In Greek pre-Euclidean geometry exactness, truth, deductive rigor don’t exclude approximation, procedural flexibility, research without an end of an unachievable result. The sources regarding the pre-Euclidean (i.e. pre-Eudoxian; cf. Eucl. Elem. V deff. 3-6) definition and conception of logos hint to the “Euclidean algorithm” in the form of an “archaic” conception of logos: the antanairesis of two magnitudes (cf. Arist. Top. VIII 3, 158 b 33-35). Particularly relevant is its application to incommensurable magnitudes, which implies the infinite production of two series of ordered couples of integer-numbers (logoi), that converge to a smaller and smaller value, without achieving it. This can be considered a failure of mathematics in the “skeptical” perspective represented by Protagoras and challenged by the Anonymous supporter (Xenocrates?) of the “indivisible lines” (80 B 7 Diels-Kranz; ps.

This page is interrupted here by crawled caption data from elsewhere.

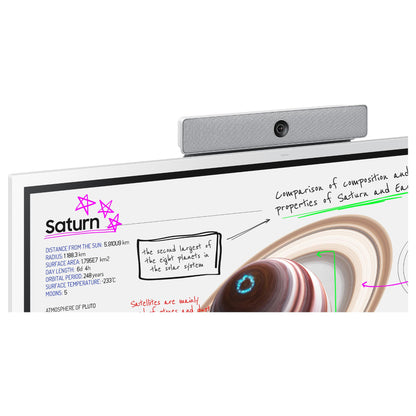 165cm/65'' (3840x2160) Samsung Flip Pro WM65B 16:9 LCD HDMI/DisplayPort/USB-C Speaker 4K UHD MultiTouch White Gray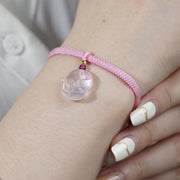 Buddha Stones Lucky Pink Crystal Fox Love String Bracelet Bracelet BS 4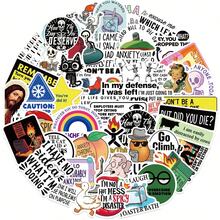 50 Piezas de Pegatinas de Meme Sarcástico de Dibujos Animados, Pegatinas Divertidas para Adultos, Pegatinas Estéticas de Graffiti de Dibujos Animados, Pegatinas Impermeables de Vinilo para Portátil, Parachoques, Monopatín, Botellas de Agua, Computadora, Teléfono, Útiles Escolares, Vuelta al Cole - Multicolor - Ver 2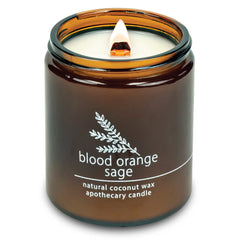 Hemlock Park crackling wood wick candle, 8 oz, Blood Orange Sage
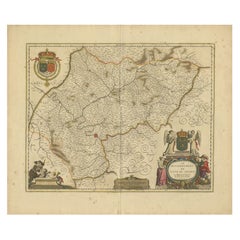 Île-de-France Map, including Paris - Hand-Colored Engraving by F. De Wit c. 1688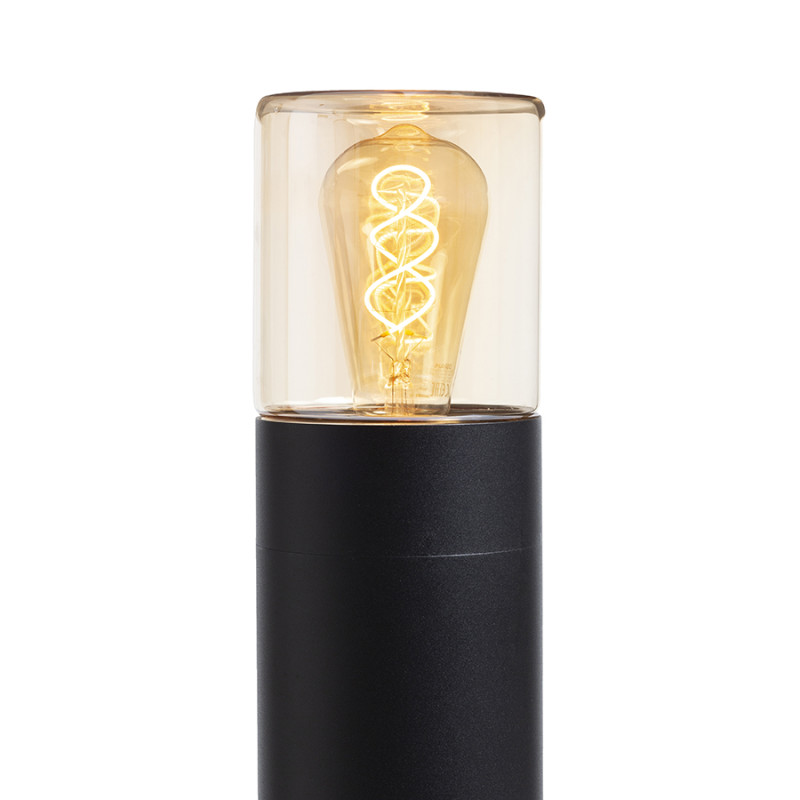 RENDL RENDL QUINN 60 stojanová černá jantarové sklo 230V LED E27 11W IP54 R14497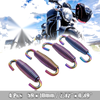 4pcs Stainless Steel Colorful Swivel Motorcycle Exhaust Pipe Springs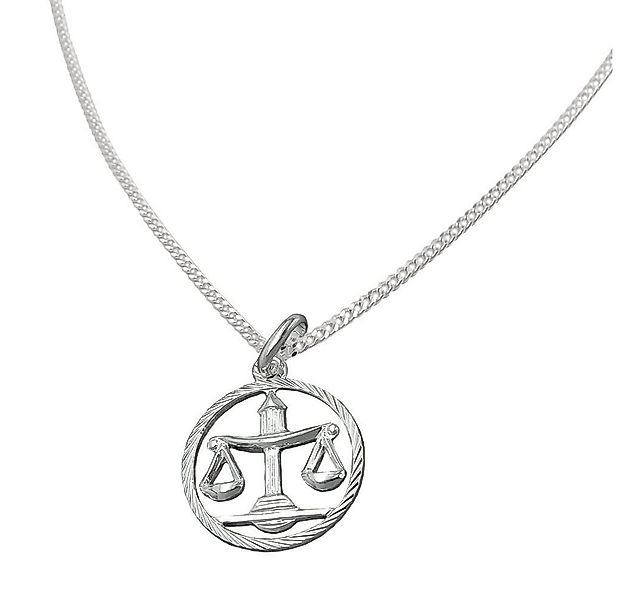 Schmuck Krone Kettenanhänger Anhänger Sternzeichen Waage mit 1,4mm Kette 92 günstig online kaufen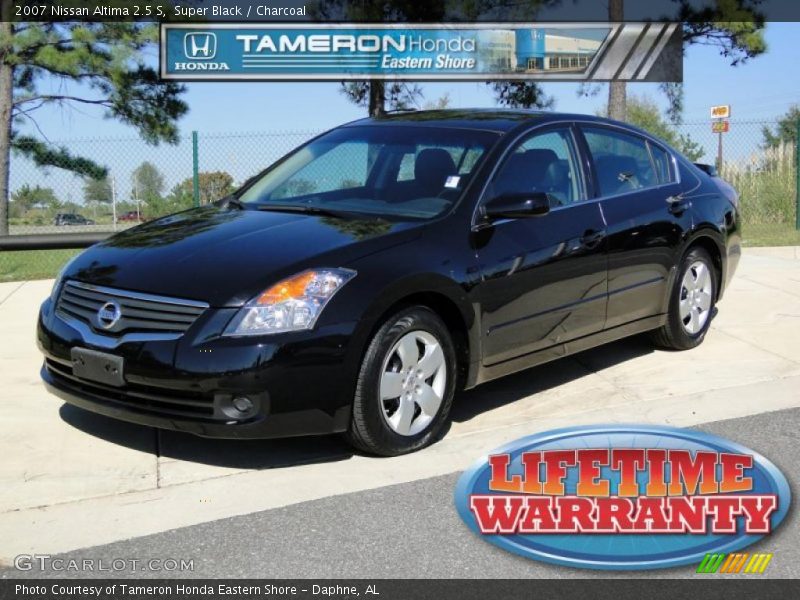 Super Black / Charcoal 2007 Nissan Altima 2.5 S
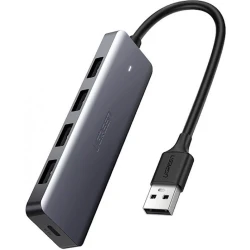 USB хаб Ugreen CM219-50985 Grey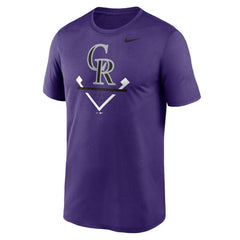 Colorado Rockies Icon Legend Dri-FIT T-Shirt Purple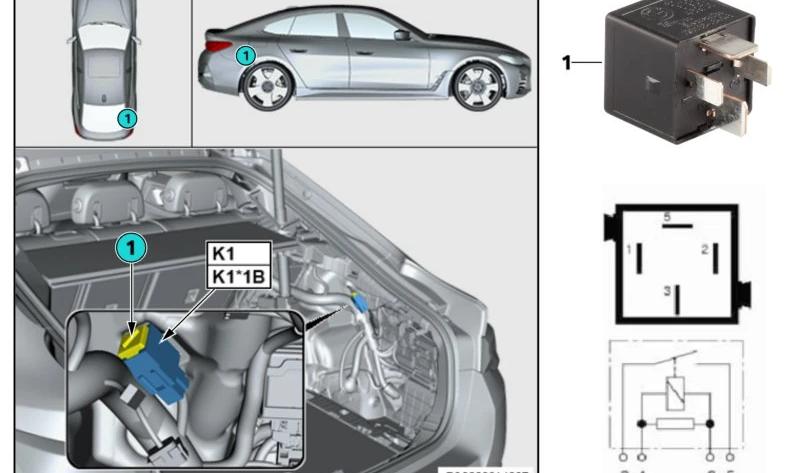 BMW 61366901469 Relais Schliesser schwarz - LEEBMANN24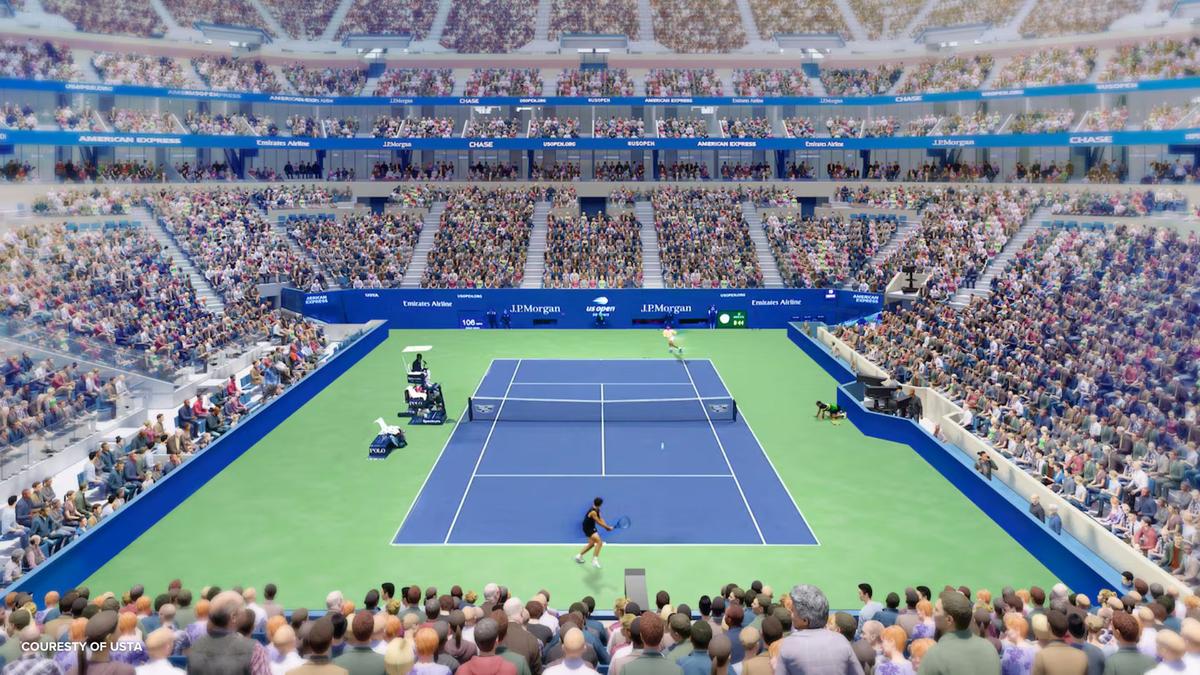 Arena „Arthur Ashe”, de la US Open / foto: X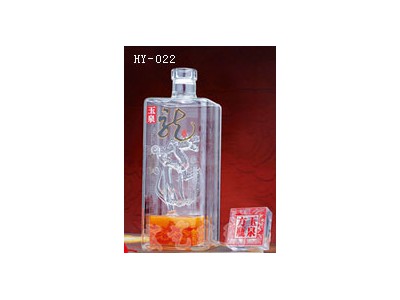 山西手工工艺酒瓶制造企业_宏艺玻璃制品厂家定制空心造型酒瓶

Arist. De lin. insec., 968 b 5-22). On the other hand, mathematical procedures of approximation of contraries – one and many, smaller and bigger, defect and excess –, aiming at balancing them, offer to Plato and Aristotle a good model of “rational calculation” applied to human life, that is both rational and irrational at the same time (e.g. Plato. Resp.VII 522 e-524 c; Arist. Eth. Nic. II 5,1106 a 26-b 28).